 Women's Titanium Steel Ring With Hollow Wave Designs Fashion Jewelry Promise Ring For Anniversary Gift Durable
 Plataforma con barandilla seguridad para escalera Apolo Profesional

=-=-=

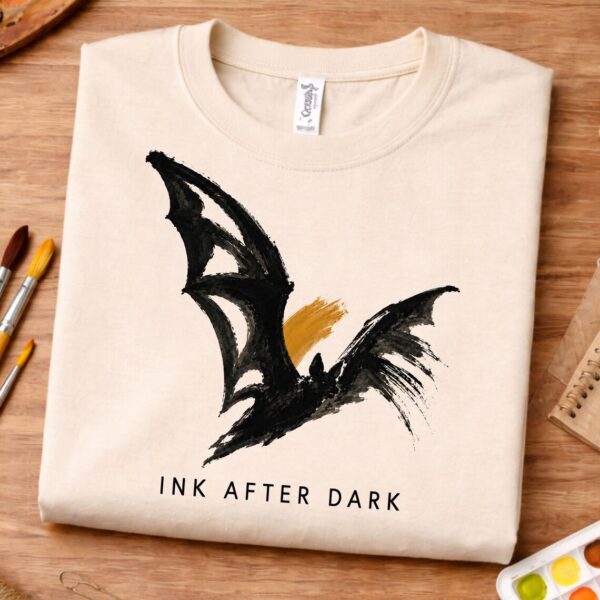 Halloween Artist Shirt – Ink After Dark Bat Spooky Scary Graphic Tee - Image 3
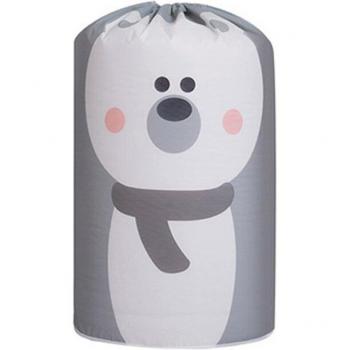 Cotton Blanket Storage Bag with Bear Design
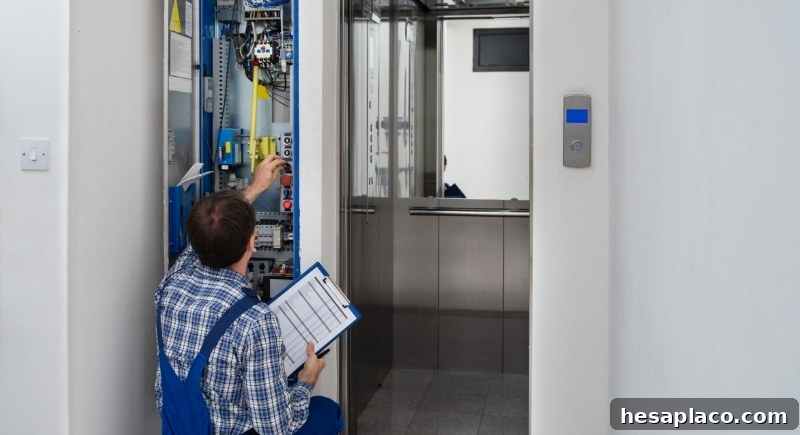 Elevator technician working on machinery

=-=-=

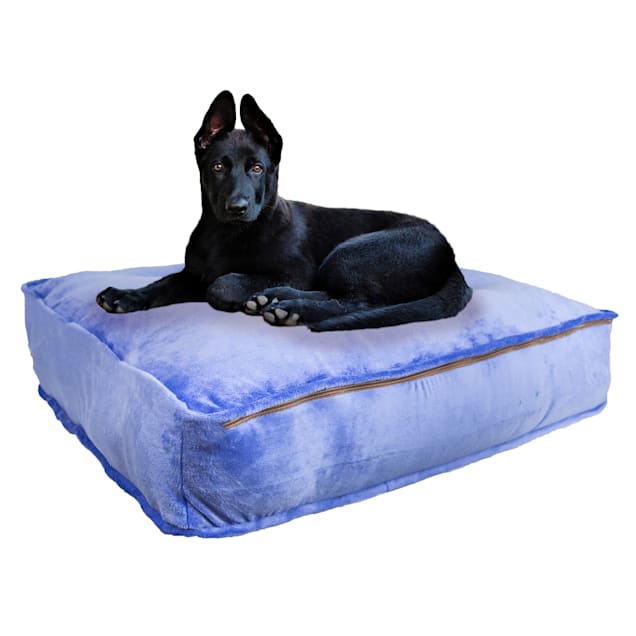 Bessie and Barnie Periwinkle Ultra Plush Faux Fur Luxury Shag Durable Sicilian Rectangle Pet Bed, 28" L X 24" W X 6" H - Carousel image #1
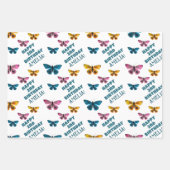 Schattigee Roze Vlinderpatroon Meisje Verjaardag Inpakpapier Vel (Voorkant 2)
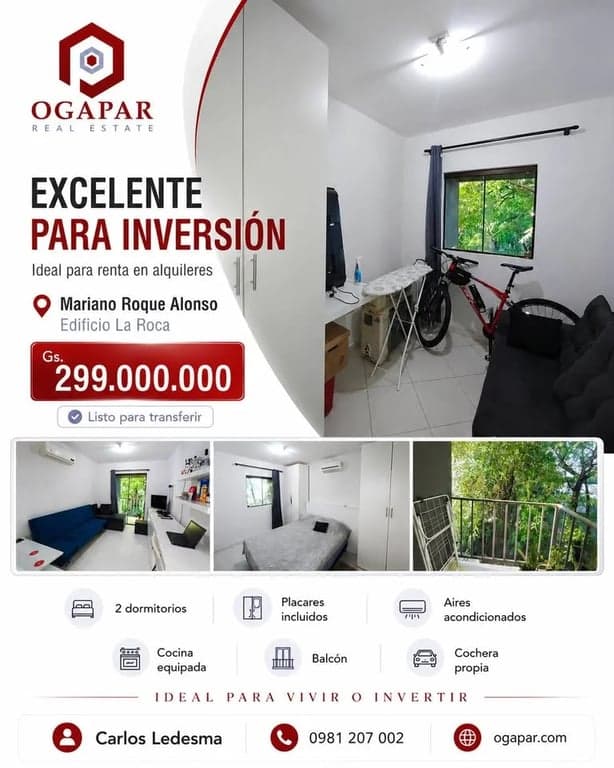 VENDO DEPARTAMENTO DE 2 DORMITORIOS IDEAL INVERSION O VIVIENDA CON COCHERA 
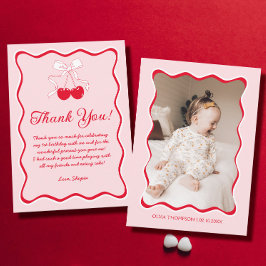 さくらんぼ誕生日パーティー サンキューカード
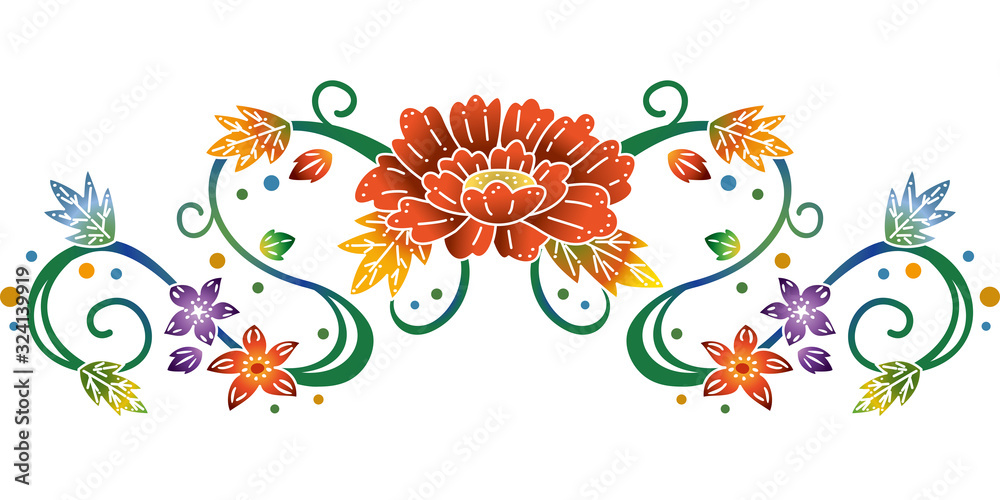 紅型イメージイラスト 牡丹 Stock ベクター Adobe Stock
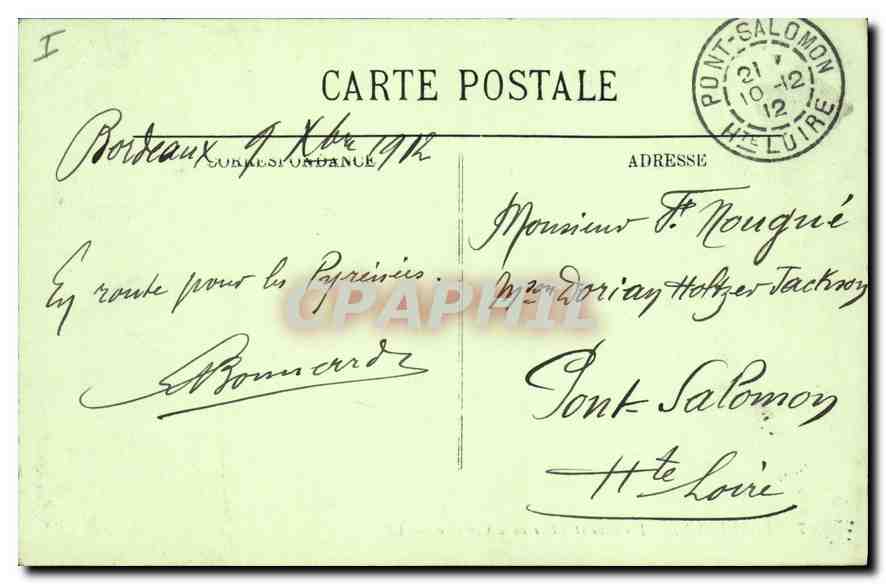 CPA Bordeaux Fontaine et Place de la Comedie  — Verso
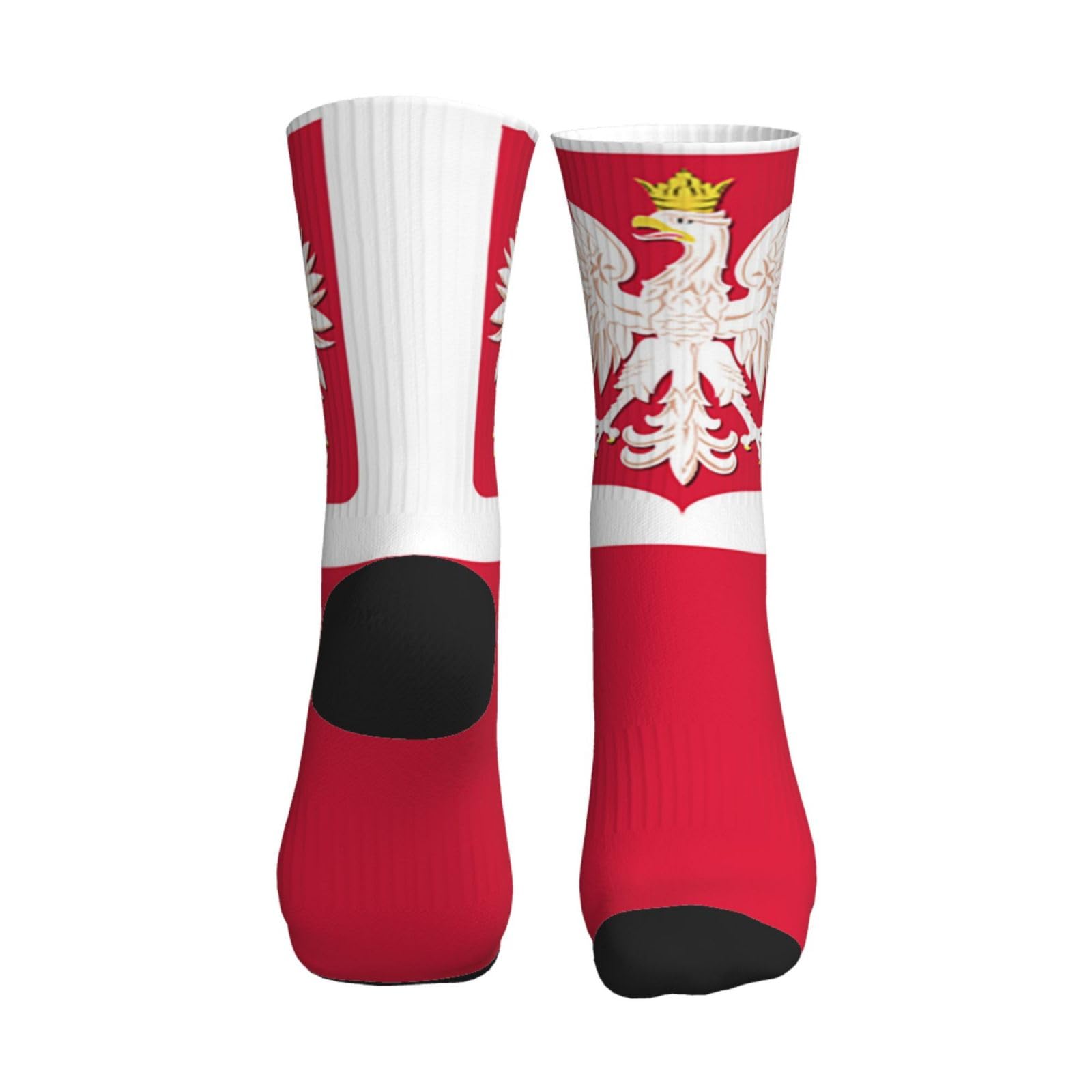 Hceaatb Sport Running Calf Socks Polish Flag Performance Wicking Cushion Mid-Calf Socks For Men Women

=-=-=

Your goal:
Copy exactly the part of the material above that opens with the line containing "Cotton Blanket Storage Bag with Bear Design" and closes with the line containing "Elevator technician working on machinery", ends included. Drop the images.

Reply:
 Cotton Blanket Storage Bag with Bear Design
 Elevator technician working on machinery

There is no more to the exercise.